* _WHAT THIS TASK INVOLVES_
Span requested from the data below: the line with "a colorful bird" through the line with "De Roerdomp 12 Dedemsvaart thumbnail 44", both included. Give only these lines again, exactly, and leave every picture out.

* _DATASET EXCERPTS_
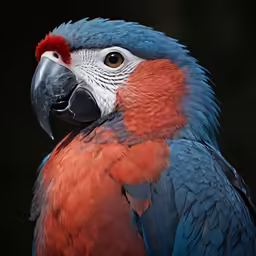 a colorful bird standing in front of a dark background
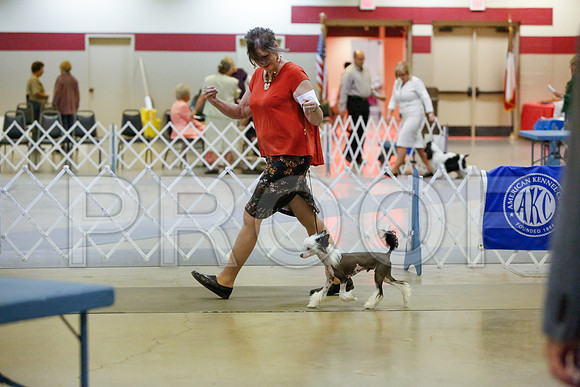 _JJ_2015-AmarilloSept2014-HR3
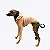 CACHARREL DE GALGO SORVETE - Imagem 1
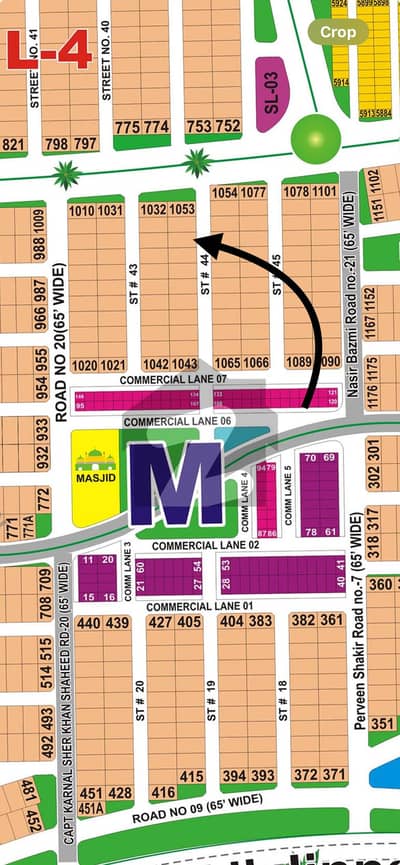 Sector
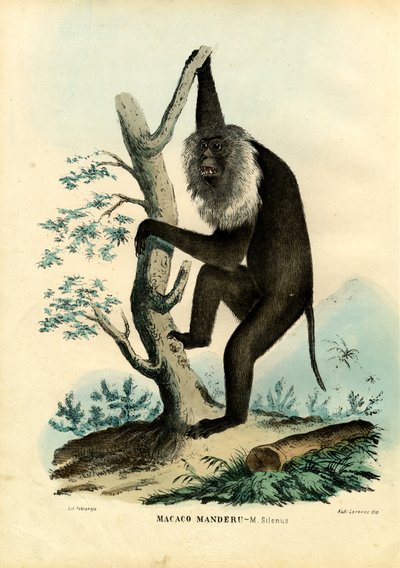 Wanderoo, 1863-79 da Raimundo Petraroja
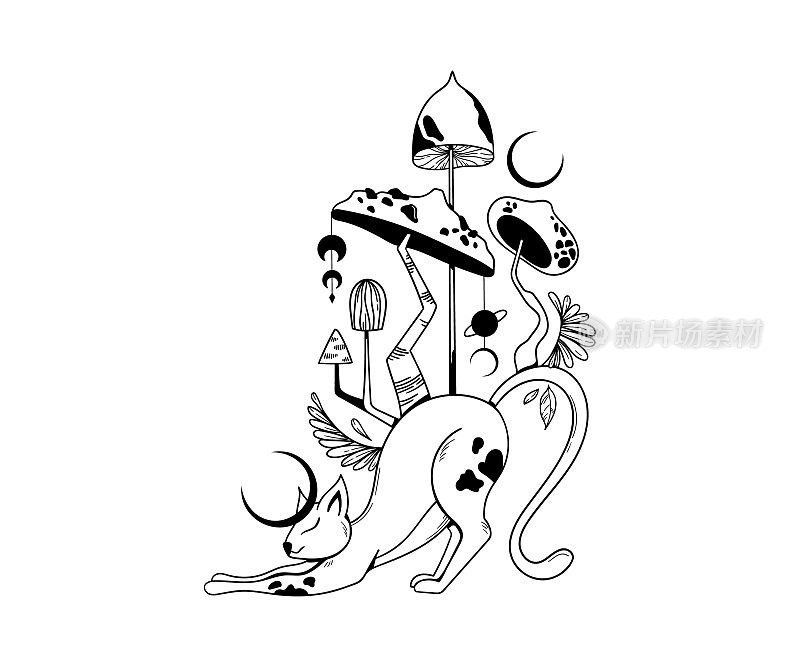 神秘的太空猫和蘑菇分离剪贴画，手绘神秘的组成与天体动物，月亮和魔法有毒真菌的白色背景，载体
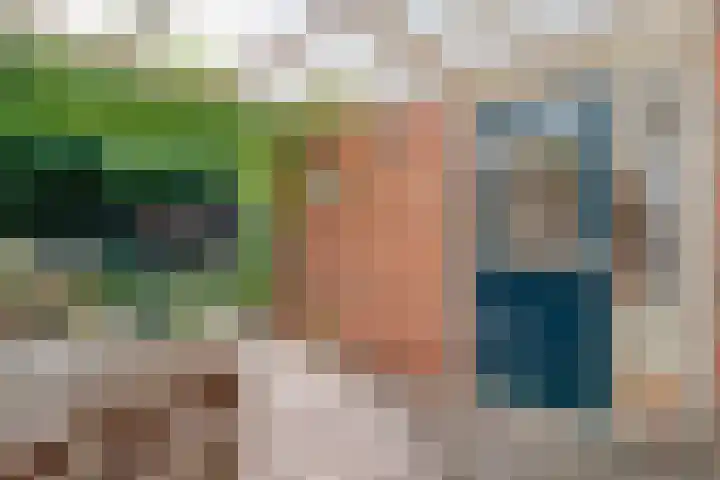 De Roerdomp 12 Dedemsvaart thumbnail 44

---

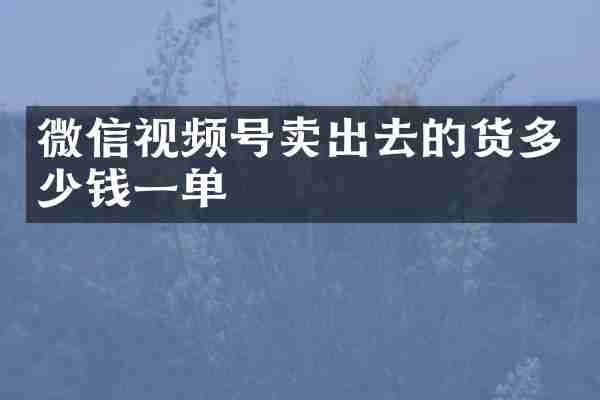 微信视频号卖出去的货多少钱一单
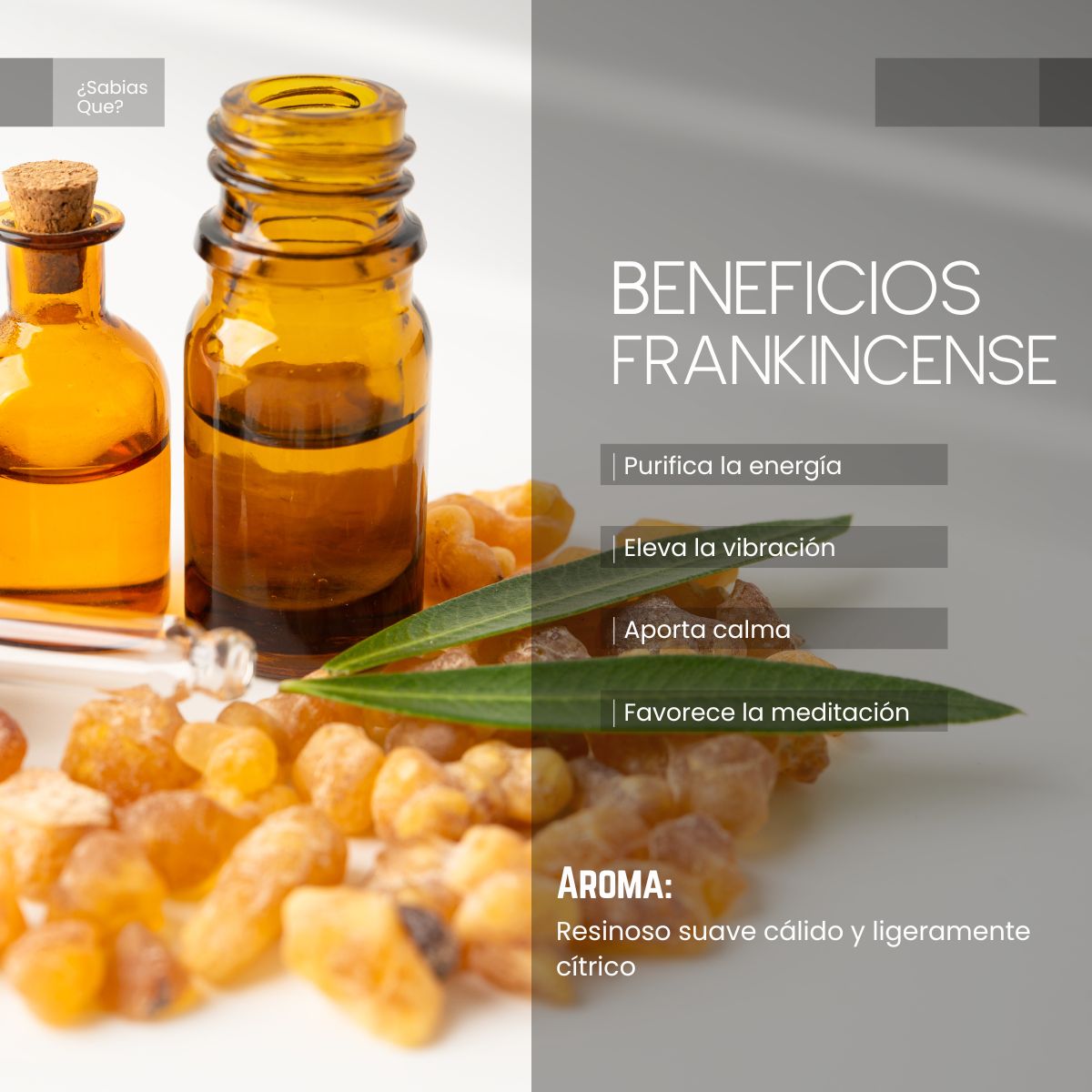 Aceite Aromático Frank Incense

* _YOUR SOLUTION_
 a colorful bird standing in front of a dark background
 _JJ_2015-AmarilloSept2014-HR3
 CACHARREL DE GALGO SORVETE - Imagem 1
 Sector
 Wanderoo, 1863-79 da Raimundo Petraroja
 神秘的太空猫和蘑菇分离剪贴画，手绘神秘的组成与天体动物，月亮和魔法有毒真菌的白色背景，载体
 De Roerdomp 12 Dedemsvaart thumbnail 44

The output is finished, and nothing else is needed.